Remember all that backpacking and book-writing I told you about? That was all in the first few years of college. I worked part-time and splurged all that I had earned. Now, I save every penny. I don’t remember a time I spend anything on anything fun. On anything for myself. What do I even want now?
My father passed ten years ago. I remember getting calls from mom, telling me he was getting sicker and sicker. I was getting busier and busier, on the verge of a big promotion. I kept putting my visit off, hoping in my mind he would hold on. He died, and I got my promotion. I haven’t seen him in 15 years.
When he died, I told myself it didn’t matter what I didn’t see him. Being an atheist, I rationalized that being dead, it wouldn’t matter anyway. WHAT WAS I THINKING? Rationalizing everything, making excuses to put things off. Excuses. Procrastination. It all leads to one thing, nothing. I rationalized that financial security was the most important thing.
I now know, that it definitely is not. I regret doing nothing with my energy, when I had it. My passions. My youth. I regret letting my job take over my life. I regret being an awful husband, a money-making machine.
I regret not finishing my novel, not travelling the world. Not being emotionally there for my son. Being a damn emotionless wallet.
If you’re reading this, and you have a whole life ahead of you, please. Don’t procrastinate. Don’t leave your dreams for later. Relish in your energy, your passions. Don’t stay on the internet with all your spare time (unless your passion needs it).
Please, do something with your life while your young. DO NOT settle down at 20. DO NOT forget your friends, your family. Yourself. Do NOT waste your life. Your ambitions. Like I did mine. Do not be like me.
Courtesy of Colin Wright
This is your life and no one else is responsible for what you do with it. If there’s something that you want to do but have been putting off for any number of reasons, make some progress towards it, no matter how small, NOW.

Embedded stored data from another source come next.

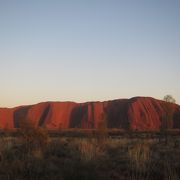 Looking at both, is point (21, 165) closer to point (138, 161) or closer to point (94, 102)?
point (138, 161)

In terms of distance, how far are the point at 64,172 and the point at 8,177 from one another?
1604 mm

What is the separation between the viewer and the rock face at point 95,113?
292ft

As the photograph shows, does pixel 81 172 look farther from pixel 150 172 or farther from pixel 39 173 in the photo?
pixel 150 172

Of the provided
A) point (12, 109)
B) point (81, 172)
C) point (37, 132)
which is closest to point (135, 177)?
point (81, 172)

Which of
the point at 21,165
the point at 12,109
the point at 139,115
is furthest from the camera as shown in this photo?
the point at 12,109

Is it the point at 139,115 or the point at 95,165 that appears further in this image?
the point at 139,115

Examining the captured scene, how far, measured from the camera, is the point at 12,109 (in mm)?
114875

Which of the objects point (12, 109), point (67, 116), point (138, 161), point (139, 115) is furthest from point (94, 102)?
point (138, 161)

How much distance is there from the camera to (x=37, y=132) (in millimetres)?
16938

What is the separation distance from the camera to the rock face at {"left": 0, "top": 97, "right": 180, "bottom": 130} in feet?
292

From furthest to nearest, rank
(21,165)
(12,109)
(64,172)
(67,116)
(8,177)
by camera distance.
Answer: (12,109) → (67,116) → (21,165) → (64,172) → (8,177)

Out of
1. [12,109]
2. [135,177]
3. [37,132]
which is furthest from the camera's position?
[12,109]

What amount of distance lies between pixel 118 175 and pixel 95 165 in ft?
3.44

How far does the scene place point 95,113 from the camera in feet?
316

Join a gym, send that e-mail you’ve been talking about doing, take an exercise class, buy a recipe book and cook a meal even if it ends up tasting like a toxic shoe. Do anything you can to throw a wrench in the mechanical cog of momentum.
If you don’t, no one else will.
This is me. I am a 50 year old woman, and a teacher. I became a teacher so my kids could have insurance. I remain a teacher so I have money to retire in a few years. I am very good at my job. The kids love me, but I hate the job. In the 15 years I have taught, my body has all but fallen apart. This year, starting in September (that’s the REAL new year), I was finally going to be in a position to take care of me. In August, I developed a balance disorder. No one can tell me why. All tests are normal. Yet I feel as if I am walking on a trampoline all day. So now I can do some treadmill – something I used to avoid, due to knee surgery, but beats careening of walls and runners – and some restoritive yoga – the kind you do on the floor or in a chair. So much for fifty being the new forty. Yeah, the house is paid off, but I hate my life. Oh, my husband of 27 years doesn’t cheat on me. He’s so damned patient, it often bothers me. Gift horses and all.
This post hit me real hard Rog, thanks for it.